A biography for Ms. Schertell can be found in the proxy statement dated April 8, 2022, filed by Neenah, in connection with its 2022 annual meeting of shareholders. Other than the Merger Agreement, there are no arrangements between Ms. Schertell and any other person pursuant to which Ms. Schertell was selected as Chief Executive Officer of the Company. There are no family relationships between Ms. Schertell and any of the Company’s directors or executive officers, and the Company has not entered into any transactions with Ms. Schertell that are required to be disclosed pursuant to Item 404(a) of Regulation S-K.
A biography for Mr. Hoek can be found in the Company’s Form 10-K for its fiscal year ended December 31, 2021, filed with the SEC on March 1, 2022. Other than the Merger Agreement, there are no arrangements between Mr. Hoek and any other person pursuant to which Mr. Hoek was selected as Chief Operating Officer of the Company. There are no family relationships between Mr. Hoek and any of the Company’s directors or executive officers, and the Company has not entered into any transactions with Mr. Hoek that are required to be disclosed pursuant to Item 404(a) of Regulation S-K.

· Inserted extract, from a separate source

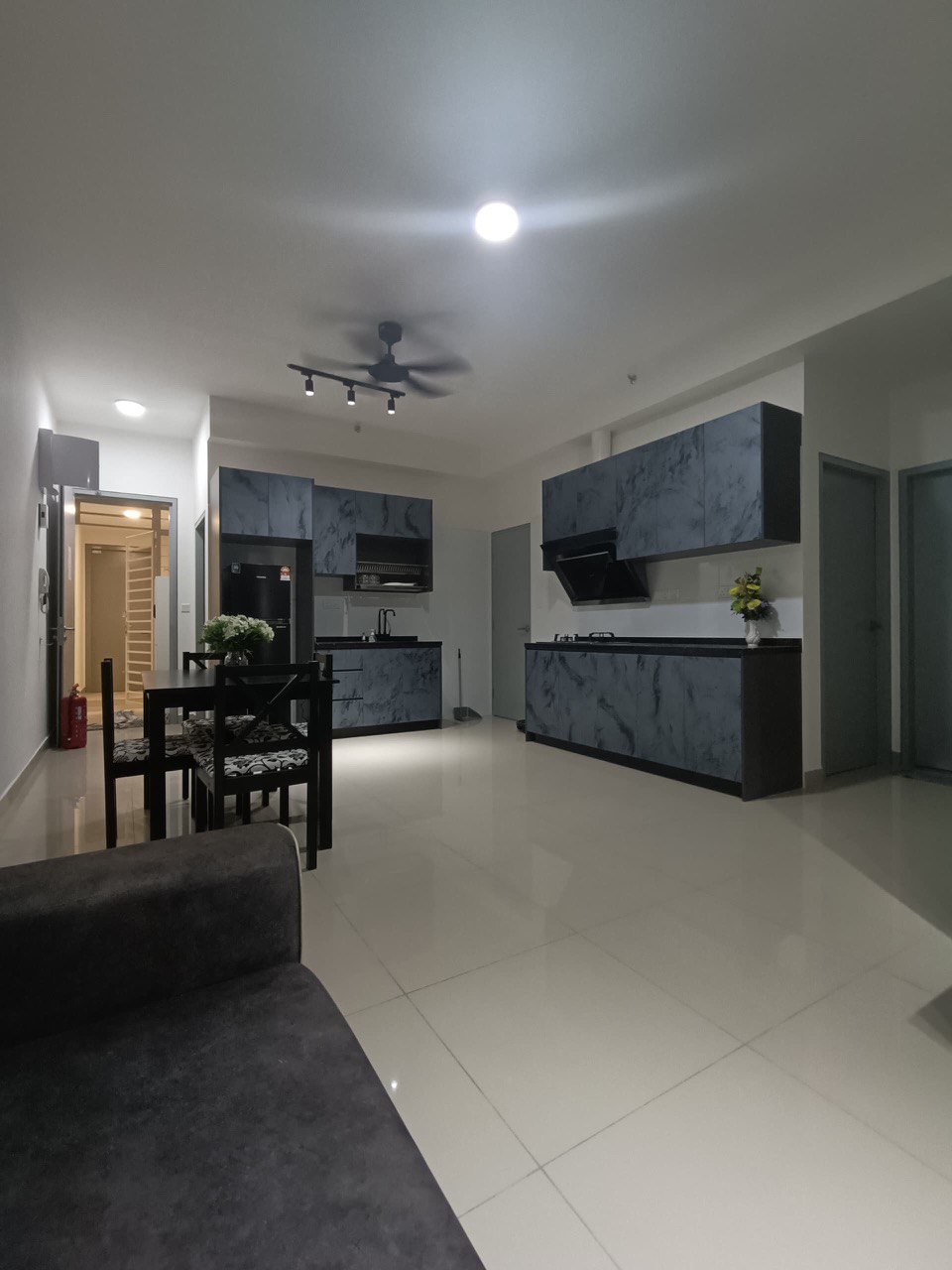 121 Residence FF By Shawn - photo 9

Departure of Principal Officer and Named Executive Officer
Effective as of the Effective Time, Dr. Kramer tendered his resignation as the Company’s Chief Executive Officer. Dr. Kramer had previously served as the Company’s Chief Executive Officer since April 21, 2017. This resignation was not a result of any disagreement between the Company and Dr. Kramer on any matter relating to the Company’s operations, policies or practices.
Coincident with his resignation, Dr. Kramer has entered into a Transition Services Agreement. Under the Transition Services Agreement, and in exchange for a waiver and release of claims and a reaffirmation of his restrictive covenant obligations to the Company, Dr. Kramer will be entitled to the severance benefits and accelerated equity treatment as described in the Company’s proxy statement dated May 18, 2022 and further summarized in the Transition Services Agreement. Dr. Kramer will also be engaged as an independent contractor and consultant of the Company to serve as a strategic advisor to Ms. Schertell in her role as the Company’s Chief Executive Officer. The transition services period is intended to be for the period from July 6, 2022 through July 5, 2023, unless earlier terminated by the parties. Dr. Kramer will be paid a monthly fee during the transition services period equal to $166,666.67 each month the Transition Services Agreement remains in effect.

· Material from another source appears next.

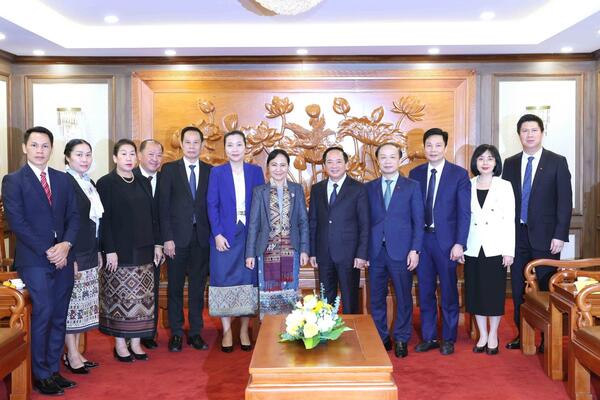 Việt Nam - Lào làm sâu sắc hợp tác về công tác mặt trận, dân vận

The foregoing summary of the Transition Services Agreement does not purport to be complete and is qualified in its entirety by reference to the Transition Services Agreement with Dr. Kramer, a copy of which is attached to this Current Report on Form 8-K as Exhibit 10.1 and is incorporated herein by reference.
Effective as of the Effective Time, Tracey Peacock tendered her resignation as the Company’s Executive Vice President, Advanced Materials & Structures. This resignation was not a result of any disagreement between the Company and Ms. Peacock on any matter relating to the Company’s operations, policies or practices.
Item 5.03. |
Amendments to Articles of Incorporation or Bylaws; Change in Fiscal Year. |
On July 6, 2022, in accordance with the Merger Agreement, the Certificate of Incorporation of the Company was amended to change the name of the Company from “Schweitzer-Mauduit International, Inc.” to “Mativ Holdings, Inc.” (the “Name Change Amendment”). A copy of the Name Change Amendment is attached to this Current Report on Form 8-K as Exhibit 3.1 and is incorporated herein by reference.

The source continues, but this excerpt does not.